End D.C.’s ‘rain tax’ on the poor and the dead

Originally published in the Washington Post

Sean Kennedy Nov 3, 2017

Tucked into a corner of the District between RFK Stadium, Pennsylvania Avenue and the Anacostia River, Congressional Cemetery is an underappreciated gem that houses the remains of members of Congress, society dilettantes and legendary (and notorious) figures throughout American history, including J. Edgar Hoover and John Philip Sousa.

 

But their final resting place is under threat — from the District’s independently managed but government-owned water and sewage authority’s overzealous bureaucrats and officials. A tax on stormwater runoff risks shuttering the cemetery and a dozen more historic cemeteries and open space sites across the District hard hit by astronomical water bills.

 

The tab for St. Paul’s Rock Creek Cemetery, where three Supreme Court justices rest, went from $3,500 per year to $200,000 thanks to the fees. The 446-acre National Arboretum pays $400,000 each year.

 

The culprit is D.C. Water’s Clean Rivers Impervious Area Charge, basically a penalty on properties that the agency deems to be contributing to stormwater runoff into the city’s river system.

 

It was instituted in 2009 after the federal government mandated the city address water overflow issues. The resulting Clean Rivers Project is a series of tunnels dug to deliver wastewater and sewage to the D.C. treatment plant.

 

The District is home to two terribly polluted rivers — the Anacostia and the Potomac. Giving polluters an incentive to reduce the amount of potential pollutants that flow into the rivers is a sound concept, but the fact that open areas such as cemeteries are hit hardest demonstrates the flaw in the policy’s design.

 

The fee does not properly account for the actual runoff caused by the property.

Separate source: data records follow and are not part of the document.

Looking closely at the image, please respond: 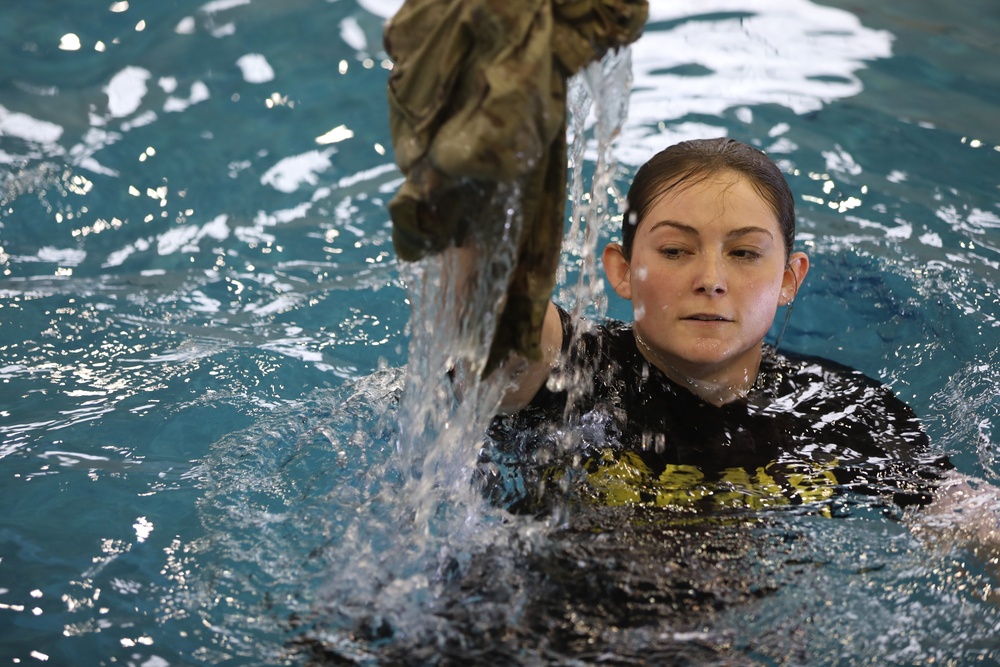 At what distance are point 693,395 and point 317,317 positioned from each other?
1.36m

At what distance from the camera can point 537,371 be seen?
194cm

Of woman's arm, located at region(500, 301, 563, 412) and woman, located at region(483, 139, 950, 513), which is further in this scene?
woman, located at region(483, 139, 950, 513)

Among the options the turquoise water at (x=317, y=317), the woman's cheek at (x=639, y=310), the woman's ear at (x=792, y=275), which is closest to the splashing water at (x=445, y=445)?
the turquoise water at (x=317, y=317)

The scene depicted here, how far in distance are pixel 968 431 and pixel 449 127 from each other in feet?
5.73

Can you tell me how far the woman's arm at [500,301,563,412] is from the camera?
1907 millimetres

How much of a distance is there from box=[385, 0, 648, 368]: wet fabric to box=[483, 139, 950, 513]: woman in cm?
47

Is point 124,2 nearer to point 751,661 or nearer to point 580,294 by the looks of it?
point 580,294

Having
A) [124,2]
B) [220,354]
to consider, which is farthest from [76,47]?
[220,354]

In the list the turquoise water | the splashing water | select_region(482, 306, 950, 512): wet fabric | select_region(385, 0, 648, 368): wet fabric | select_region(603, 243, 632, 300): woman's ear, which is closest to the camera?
select_region(385, 0, 648, 368): wet fabric

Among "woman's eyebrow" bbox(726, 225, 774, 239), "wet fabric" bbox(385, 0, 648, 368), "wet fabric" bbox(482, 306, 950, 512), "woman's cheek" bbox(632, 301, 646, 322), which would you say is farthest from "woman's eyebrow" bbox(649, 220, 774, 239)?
"wet fabric" bbox(385, 0, 648, 368)

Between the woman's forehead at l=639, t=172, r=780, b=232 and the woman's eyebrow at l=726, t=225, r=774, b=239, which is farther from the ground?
the woman's forehead at l=639, t=172, r=780, b=232

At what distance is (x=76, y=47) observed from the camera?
424cm

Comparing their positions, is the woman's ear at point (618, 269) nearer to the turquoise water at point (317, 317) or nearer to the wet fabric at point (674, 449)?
the wet fabric at point (674, 449)

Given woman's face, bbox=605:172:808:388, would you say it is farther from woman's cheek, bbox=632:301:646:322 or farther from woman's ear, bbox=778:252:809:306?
woman's ear, bbox=778:252:809:306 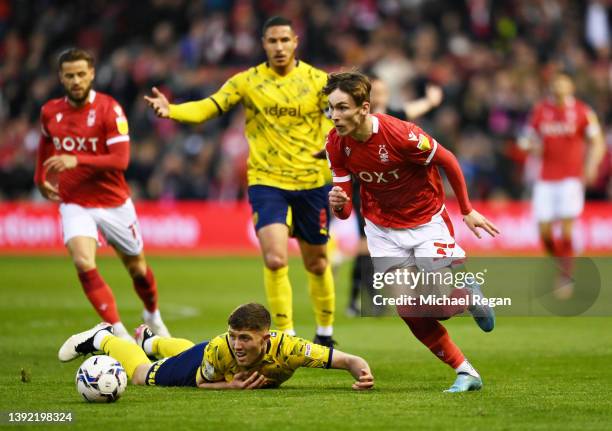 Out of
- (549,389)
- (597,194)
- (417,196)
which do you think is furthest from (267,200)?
(597,194)

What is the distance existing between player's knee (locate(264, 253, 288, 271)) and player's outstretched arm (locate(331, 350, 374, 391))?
2.39 metres

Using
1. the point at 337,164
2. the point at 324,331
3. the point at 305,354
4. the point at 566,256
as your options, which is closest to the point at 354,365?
the point at 305,354

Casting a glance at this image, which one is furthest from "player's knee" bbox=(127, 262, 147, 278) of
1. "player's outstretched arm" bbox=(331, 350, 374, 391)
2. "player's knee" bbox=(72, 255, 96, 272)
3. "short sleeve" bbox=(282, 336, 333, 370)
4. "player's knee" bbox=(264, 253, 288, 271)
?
"player's outstretched arm" bbox=(331, 350, 374, 391)

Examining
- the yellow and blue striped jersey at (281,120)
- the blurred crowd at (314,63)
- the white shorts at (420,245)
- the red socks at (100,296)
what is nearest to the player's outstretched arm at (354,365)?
the white shorts at (420,245)

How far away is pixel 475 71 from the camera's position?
24016 millimetres

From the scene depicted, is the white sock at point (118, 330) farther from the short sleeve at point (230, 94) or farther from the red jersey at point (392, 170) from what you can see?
the red jersey at point (392, 170)

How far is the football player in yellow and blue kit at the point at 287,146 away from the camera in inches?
404

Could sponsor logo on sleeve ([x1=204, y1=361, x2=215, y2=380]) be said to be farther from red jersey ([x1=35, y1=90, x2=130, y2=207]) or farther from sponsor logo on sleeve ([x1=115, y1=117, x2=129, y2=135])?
sponsor logo on sleeve ([x1=115, y1=117, x2=129, y2=135])

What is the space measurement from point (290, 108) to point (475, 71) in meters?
14.2

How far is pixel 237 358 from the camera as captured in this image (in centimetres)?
764

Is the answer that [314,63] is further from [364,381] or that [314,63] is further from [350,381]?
[364,381]

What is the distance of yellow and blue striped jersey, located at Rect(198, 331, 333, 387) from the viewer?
7.61 metres

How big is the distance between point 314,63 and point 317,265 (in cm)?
1486

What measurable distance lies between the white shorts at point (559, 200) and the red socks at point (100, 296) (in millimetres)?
7621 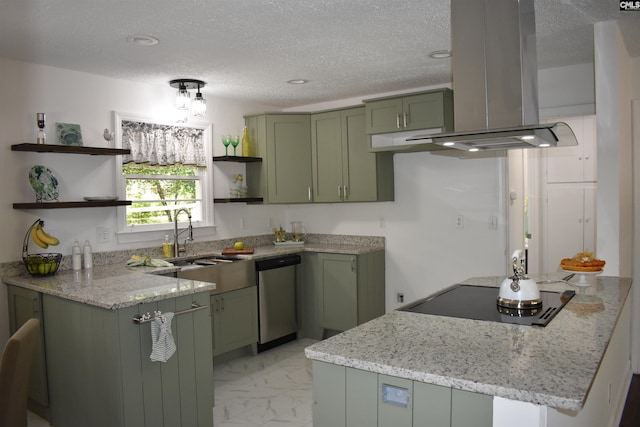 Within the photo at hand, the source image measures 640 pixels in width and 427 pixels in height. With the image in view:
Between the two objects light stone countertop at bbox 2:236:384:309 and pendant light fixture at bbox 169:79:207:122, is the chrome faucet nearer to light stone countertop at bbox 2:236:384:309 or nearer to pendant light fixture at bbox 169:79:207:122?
light stone countertop at bbox 2:236:384:309

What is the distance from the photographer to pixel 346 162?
489 cm

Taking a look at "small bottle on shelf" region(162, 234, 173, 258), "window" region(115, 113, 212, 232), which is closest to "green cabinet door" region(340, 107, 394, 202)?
"window" region(115, 113, 212, 232)

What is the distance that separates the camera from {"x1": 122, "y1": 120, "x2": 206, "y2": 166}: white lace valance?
417 centimetres

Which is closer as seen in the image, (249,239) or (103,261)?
(103,261)

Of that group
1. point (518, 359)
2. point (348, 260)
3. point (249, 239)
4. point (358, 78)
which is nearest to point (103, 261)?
point (249, 239)

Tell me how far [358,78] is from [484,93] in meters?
2.22

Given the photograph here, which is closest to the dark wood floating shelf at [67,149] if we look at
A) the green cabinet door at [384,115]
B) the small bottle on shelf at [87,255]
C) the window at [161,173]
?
the window at [161,173]

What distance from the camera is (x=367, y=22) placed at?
2914 millimetres

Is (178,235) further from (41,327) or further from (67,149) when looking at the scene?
(41,327)

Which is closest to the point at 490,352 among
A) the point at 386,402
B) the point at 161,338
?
the point at 386,402

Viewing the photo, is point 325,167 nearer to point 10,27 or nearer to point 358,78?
point 358,78

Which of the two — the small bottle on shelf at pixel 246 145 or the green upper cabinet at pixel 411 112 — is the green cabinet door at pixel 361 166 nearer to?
the green upper cabinet at pixel 411 112

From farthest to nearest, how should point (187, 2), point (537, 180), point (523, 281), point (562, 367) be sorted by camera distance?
point (537, 180) → point (187, 2) → point (523, 281) → point (562, 367)

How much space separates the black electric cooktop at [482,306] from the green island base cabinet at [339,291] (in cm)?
188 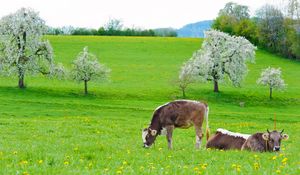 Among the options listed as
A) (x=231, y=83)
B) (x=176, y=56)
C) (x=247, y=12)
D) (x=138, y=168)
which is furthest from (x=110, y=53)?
(x=138, y=168)

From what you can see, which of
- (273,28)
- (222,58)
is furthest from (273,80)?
(273,28)

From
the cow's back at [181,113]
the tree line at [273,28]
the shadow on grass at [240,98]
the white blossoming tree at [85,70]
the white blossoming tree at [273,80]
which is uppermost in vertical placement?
the tree line at [273,28]

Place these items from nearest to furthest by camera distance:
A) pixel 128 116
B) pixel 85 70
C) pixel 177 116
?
pixel 177 116 < pixel 128 116 < pixel 85 70

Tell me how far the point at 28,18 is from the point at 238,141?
2076 inches

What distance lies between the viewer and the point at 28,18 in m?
65.3

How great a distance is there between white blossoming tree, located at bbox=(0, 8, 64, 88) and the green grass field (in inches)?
109

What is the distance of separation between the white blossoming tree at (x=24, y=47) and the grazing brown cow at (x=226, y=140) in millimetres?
48782

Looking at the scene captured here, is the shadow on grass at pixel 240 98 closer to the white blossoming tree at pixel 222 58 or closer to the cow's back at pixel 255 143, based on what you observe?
the white blossoming tree at pixel 222 58

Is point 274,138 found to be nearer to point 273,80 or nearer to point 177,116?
point 177,116

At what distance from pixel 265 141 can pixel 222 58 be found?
5684 cm

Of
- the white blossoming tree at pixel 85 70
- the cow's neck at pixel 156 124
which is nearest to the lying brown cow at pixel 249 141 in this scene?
the cow's neck at pixel 156 124

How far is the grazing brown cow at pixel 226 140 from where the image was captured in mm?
17656

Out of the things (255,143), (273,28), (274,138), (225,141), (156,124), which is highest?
(273,28)

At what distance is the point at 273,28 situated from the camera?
119750 mm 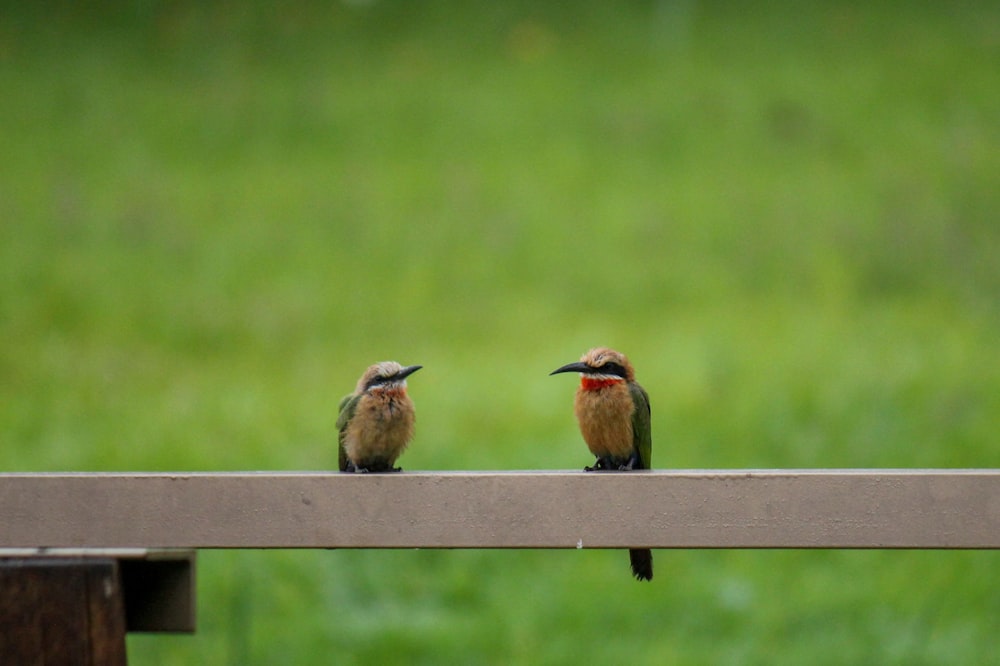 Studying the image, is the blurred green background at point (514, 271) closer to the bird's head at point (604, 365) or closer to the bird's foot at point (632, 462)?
the bird's foot at point (632, 462)

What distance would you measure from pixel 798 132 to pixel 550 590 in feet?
29.0

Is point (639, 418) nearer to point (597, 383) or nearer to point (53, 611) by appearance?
point (597, 383)

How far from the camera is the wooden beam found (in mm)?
2830

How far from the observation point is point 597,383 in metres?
4.30

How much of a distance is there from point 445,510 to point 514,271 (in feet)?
32.6

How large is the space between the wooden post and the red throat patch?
1.95m

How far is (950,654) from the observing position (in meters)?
7.25

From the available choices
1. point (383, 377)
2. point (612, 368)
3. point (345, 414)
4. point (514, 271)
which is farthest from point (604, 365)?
point (514, 271)

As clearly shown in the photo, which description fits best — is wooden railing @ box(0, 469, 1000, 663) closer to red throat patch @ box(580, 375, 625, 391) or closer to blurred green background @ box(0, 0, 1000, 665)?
red throat patch @ box(580, 375, 625, 391)

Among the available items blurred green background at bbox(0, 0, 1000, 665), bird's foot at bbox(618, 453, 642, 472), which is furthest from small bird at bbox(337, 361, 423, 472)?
blurred green background at bbox(0, 0, 1000, 665)

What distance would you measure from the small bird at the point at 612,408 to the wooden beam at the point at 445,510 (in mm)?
1327

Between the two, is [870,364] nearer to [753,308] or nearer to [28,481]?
[753,308]

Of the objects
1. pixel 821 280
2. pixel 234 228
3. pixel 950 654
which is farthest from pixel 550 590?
pixel 234 228

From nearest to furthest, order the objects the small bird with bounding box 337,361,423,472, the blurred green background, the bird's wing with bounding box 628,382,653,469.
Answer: the small bird with bounding box 337,361,423,472, the bird's wing with bounding box 628,382,653,469, the blurred green background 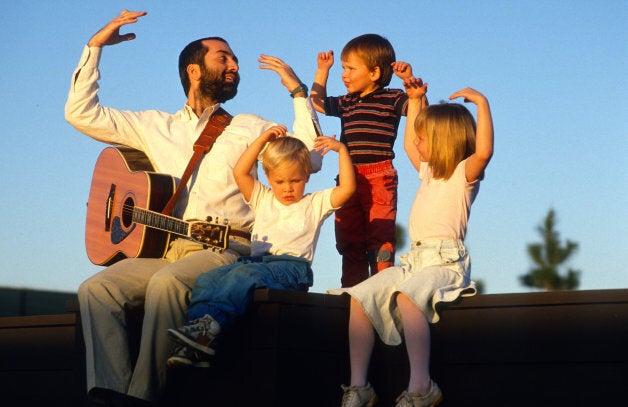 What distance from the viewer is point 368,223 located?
5.73 meters

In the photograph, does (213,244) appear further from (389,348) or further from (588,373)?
(588,373)

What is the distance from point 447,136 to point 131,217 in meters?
1.85

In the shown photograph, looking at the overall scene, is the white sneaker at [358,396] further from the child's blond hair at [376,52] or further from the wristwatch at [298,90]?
the child's blond hair at [376,52]

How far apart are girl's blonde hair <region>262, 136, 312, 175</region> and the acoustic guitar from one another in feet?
1.42

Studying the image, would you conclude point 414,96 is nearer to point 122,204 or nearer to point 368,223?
point 368,223

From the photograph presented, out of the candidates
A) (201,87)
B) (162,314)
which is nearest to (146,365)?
(162,314)

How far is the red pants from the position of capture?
5668mm

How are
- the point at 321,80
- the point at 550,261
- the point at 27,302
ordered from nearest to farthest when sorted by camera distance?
the point at 321,80 < the point at 27,302 < the point at 550,261

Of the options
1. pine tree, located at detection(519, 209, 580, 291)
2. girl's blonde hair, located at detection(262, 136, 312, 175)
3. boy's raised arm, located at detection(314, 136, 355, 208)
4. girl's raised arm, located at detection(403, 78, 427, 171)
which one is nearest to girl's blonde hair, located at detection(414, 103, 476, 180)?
boy's raised arm, located at detection(314, 136, 355, 208)

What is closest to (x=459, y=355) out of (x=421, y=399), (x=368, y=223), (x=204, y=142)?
(x=421, y=399)

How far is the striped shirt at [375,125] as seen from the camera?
580cm

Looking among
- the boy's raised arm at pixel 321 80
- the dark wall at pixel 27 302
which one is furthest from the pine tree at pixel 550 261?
the boy's raised arm at pixel 321 80

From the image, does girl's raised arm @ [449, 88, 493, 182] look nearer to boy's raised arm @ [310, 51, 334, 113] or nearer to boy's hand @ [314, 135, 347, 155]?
boy's hand @ [314, 135, 347, 155]

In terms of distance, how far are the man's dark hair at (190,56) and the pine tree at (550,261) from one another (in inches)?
1093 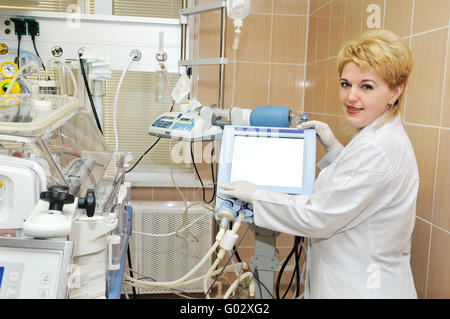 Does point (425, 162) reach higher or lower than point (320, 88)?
lower

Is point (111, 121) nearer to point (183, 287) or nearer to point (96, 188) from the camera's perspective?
point (183, 287)

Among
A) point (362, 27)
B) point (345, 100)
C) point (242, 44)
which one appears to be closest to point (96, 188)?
point (345, 100)

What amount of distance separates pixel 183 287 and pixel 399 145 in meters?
1.76

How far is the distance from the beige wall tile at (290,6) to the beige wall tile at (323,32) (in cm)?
18

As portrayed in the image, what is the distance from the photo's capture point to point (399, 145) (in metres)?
1.16

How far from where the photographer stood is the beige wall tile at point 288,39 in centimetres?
262

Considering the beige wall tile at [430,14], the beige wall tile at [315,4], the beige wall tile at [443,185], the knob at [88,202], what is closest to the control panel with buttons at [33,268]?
the knob at [88,202]

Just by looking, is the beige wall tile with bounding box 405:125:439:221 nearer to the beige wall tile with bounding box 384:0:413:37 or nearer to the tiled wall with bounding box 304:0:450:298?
the tiled wall with bounding box 304:0:450:298

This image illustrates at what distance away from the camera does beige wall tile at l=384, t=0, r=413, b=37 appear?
152cm

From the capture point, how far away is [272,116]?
5.25ft

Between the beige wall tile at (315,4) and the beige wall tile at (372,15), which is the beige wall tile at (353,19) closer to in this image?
the beige wall tile at (372,15)

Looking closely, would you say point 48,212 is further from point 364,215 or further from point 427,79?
point 427,79

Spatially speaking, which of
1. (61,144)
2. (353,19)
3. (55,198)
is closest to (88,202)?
(55,198)

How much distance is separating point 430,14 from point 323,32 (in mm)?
1037
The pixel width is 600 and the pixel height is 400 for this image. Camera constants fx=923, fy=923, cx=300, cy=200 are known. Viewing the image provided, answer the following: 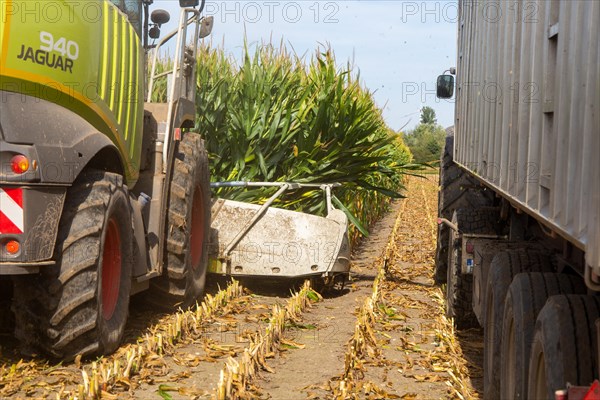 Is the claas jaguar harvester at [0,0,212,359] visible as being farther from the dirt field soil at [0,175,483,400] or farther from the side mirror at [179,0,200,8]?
the side mirror at [179,0,200,8]

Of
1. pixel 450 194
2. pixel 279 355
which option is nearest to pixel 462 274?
pixel 279 355

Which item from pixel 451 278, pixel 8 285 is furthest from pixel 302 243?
pixel 8 285

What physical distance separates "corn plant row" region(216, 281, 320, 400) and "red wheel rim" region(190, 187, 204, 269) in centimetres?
87

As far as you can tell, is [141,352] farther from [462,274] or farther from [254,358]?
[462,274]

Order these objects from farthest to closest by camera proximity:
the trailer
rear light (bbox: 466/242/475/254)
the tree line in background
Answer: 1. the tree line in background
2. rear light (bbox: 466/242/475/254)
3. the trailer

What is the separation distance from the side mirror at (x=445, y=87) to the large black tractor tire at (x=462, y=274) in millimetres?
2247

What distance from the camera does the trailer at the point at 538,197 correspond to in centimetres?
285

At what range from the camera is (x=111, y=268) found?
5.68 meters

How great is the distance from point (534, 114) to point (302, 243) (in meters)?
4.49

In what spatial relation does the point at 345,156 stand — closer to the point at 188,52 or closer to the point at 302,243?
the point at 302,243

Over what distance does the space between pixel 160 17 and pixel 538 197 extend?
156 inches

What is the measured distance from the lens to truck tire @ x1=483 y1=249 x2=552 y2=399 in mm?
4371

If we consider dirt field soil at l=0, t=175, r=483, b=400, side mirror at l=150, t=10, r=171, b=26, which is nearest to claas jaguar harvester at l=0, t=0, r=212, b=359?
side mirror at l=150, t=10, r=171, b=26

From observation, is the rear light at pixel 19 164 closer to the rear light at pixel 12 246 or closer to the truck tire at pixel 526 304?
the rear light at pixel 12 246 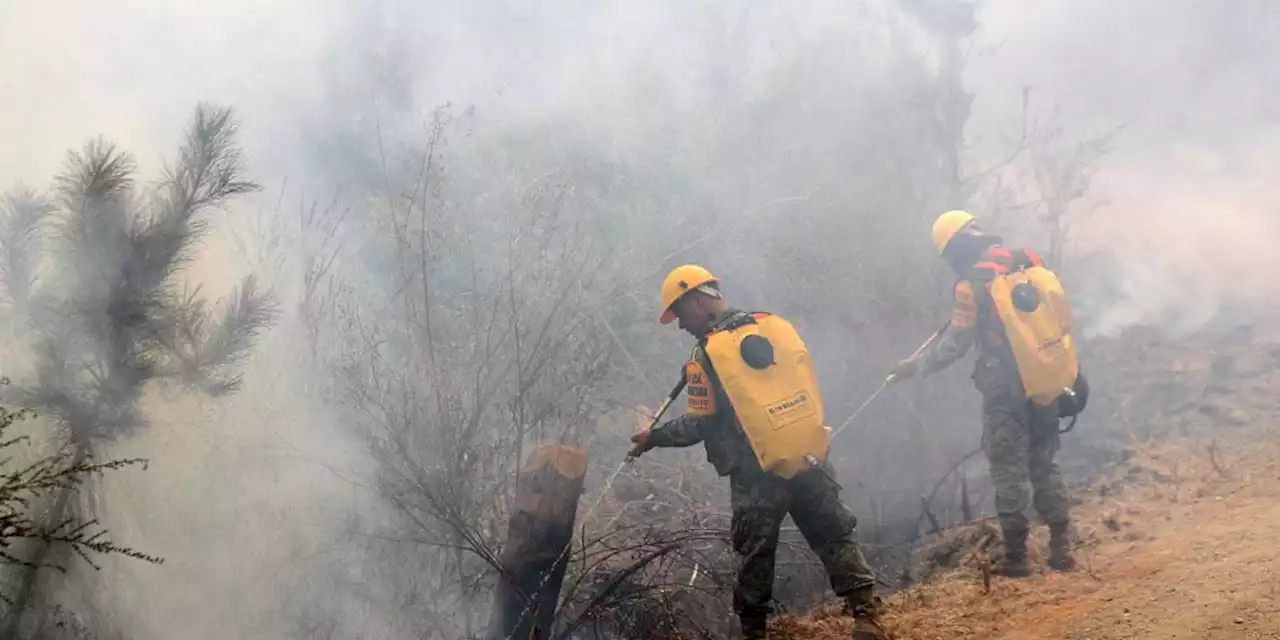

For example, the National Arboretum doesn’t use D.C. Water’s storm drains and reuses its wastewater for plants, but it still pays a hefty tab.

 

And, of course, the District’s roads, which feed directly into storm drains, are exempt from the fee for the cleanup project.

 

Financing the cost of the $2.6 billion tunnel system on the backs of nonprofits and green spaces is ill-conceived.

 

Maryland imposed a similar “rain tax” in 2012. My colleagues at the Maryland Public Policy Institute examined how the tax was being unfairly implemented and helped persuade lawmakers to partially repeal the mandatory local tax on impervious surfaces to finance water cleanup. Maryland Gov. Larry Hogan (R) campaigned on its repeal and signed the repeal into law in 2015.

 

But Maryland localities can still opt to collect a fee — and nine counties and Baltimore City do.

 

At the very least, the District could follow its northern neighbor Baltimore, which also has serious water contamination issues, by exempting green spaces and allowing nonprofits to apply for hardship exemptions.

 

But that is not enough because the impervious-area charge is out of control with D.C. Water frequently charging low-income residents and nonprofits such as churches extremely high fees without respect to consumption.

 

Some of the city’s poorest churches in Ward 8, which survive entirely on donations, report average water bills of more than $50,000 a year based on the assumptions of unelected bureaucrats who arbitrarily impose the impervious-area charge on consumers.

 

D.C. Water’s bureaucrats are unforgiving and insulting, too, offering minuscule credits to offset the high fees that have grown exponentially of late.

 

Poor residents especially feel the pinch because the charge has nothing to do with property value, income or ability to pay — just with the assessed area of potential water runoff.

 

The head of D.C. Water, George Hawkins, simply shrugs when confronted with the rain tax’s unfair application, telling the local media, “Unfortunately someone’s got to pay the bill.”

 

Well, how about asking the owners of the D.C. United soccer team to chip in more for its $300 million facility, part of which is subsidized by the District? Or cut off the billions in subsidies to wealthy developers.

 

The federal government should ease its mandate and help to finance the project it required the District to undertake.

 

In the meantime, D.C. Water should scrap the rain tax on the poor, the dead, the green and the faithful. It is a tunnel too far.

 

The writer is a visiting fellow at the Maryland Public Policy Institute.